After everything was booted back up, I opened the software again and clicked the "Create Virtual Drive' option, followed their simple setup wizard for my Raid 5, and told the software to start initializing the raid.
The initialization took about 50 hours. After the initialization was done however, I was a bit confused, and I feel this may be the part where things went wrong, and hopefully someone will be able to tell me. I was under the impression, that when the initialization finished that Windows would then recognize the drive and assign it a drive letter and allow me to access it. However, the initialization completed, but the drive remained inaccessible. I opened windows Disk Management tool, and upon opening it, it told me that I needed to initialize the disk with a GPT partition table before I could format it or assign it a drive letter, so I went ahead and let it. Then formatted it as NTFS, and gave it a drive letter.

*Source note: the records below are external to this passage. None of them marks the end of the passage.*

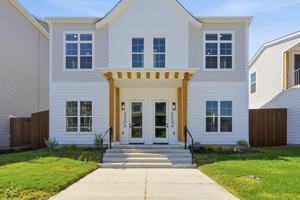 featured image of 3206 Mccart Ave #1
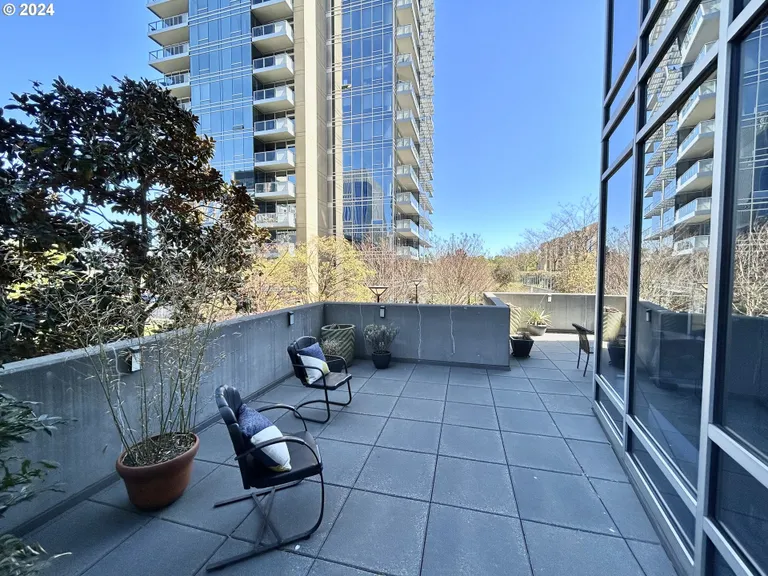 New York City Real Estate | View 3570 S River Pkwy #203 | room 24 | View 25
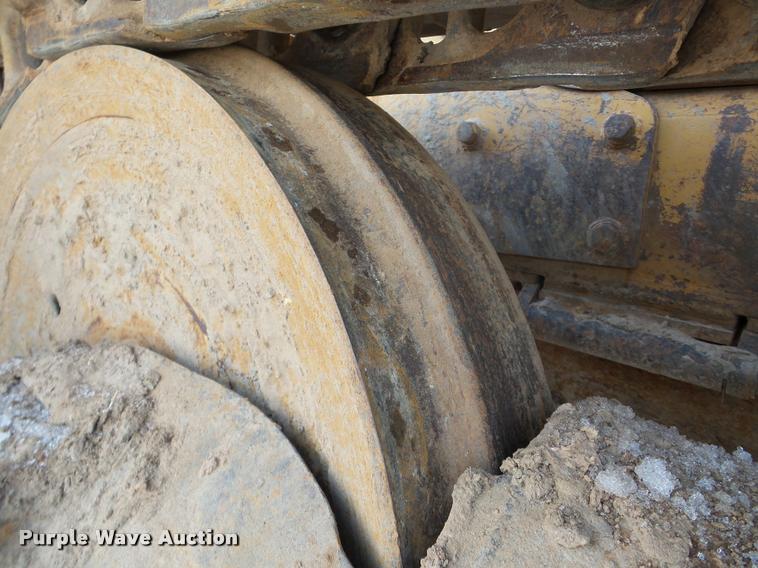 image for item DA7353 1980 Komatsu D65E dozer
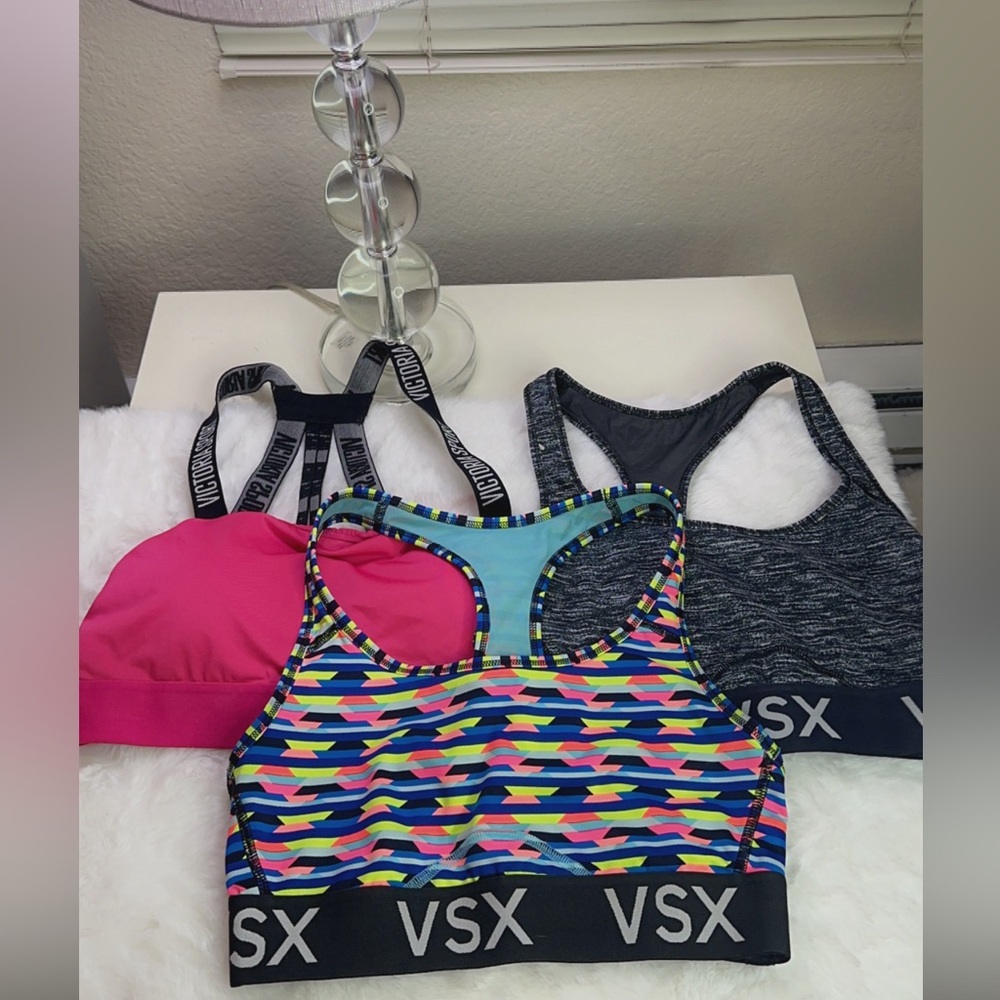 3 Victoria Secret Sport VSX Sports Bra small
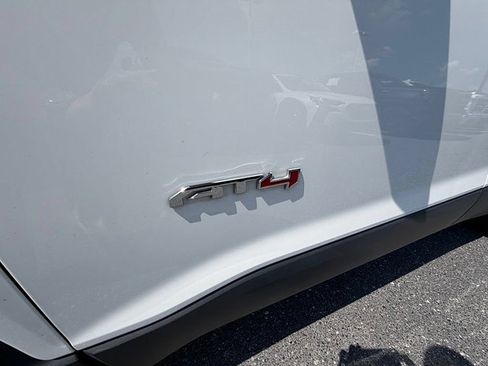 Certified 2023 GMC Acadia AT4 AWD/4WD image 11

This process took about 10 minutes. At this point I could access it, but performance was poor as shown above. Should windows have recognized the drive after MegaRAID Storage Manager's initialization without me having to open the Windows Disk Management tool? Should the Disk Management tool have asked me to initialize the drive, even though MegaRAID just did? Did letting Disk Management initialize things, effectively make the work the MegaRAID card had done over the past 50 hours null? What can I do to improve performance? Should I start over on building the RAID? Should I just reinitialize it through the MegaRAID software?
Honestly, I would be happy just to hit 100MB/s as most of the interaction with this server will be through Gigabit LAN, very rarely will I have more access bandwidth than that anyway.
The current status information the MegaRAID Storage Manager gives on the drive (note you can see in the bottome the the Initialization does complete, about an hour after that time is when I opened the Windows Disk Manager):
The current settings for the RAID:
And the current list of commands that the software allows me to use on the virtual drive on it right click context menu:
Any help would be much appreciated, and if you need anymore information at all, I would be happy to get it to you. I have tried to be as thorough as possible above, but if I missed something, just let me know.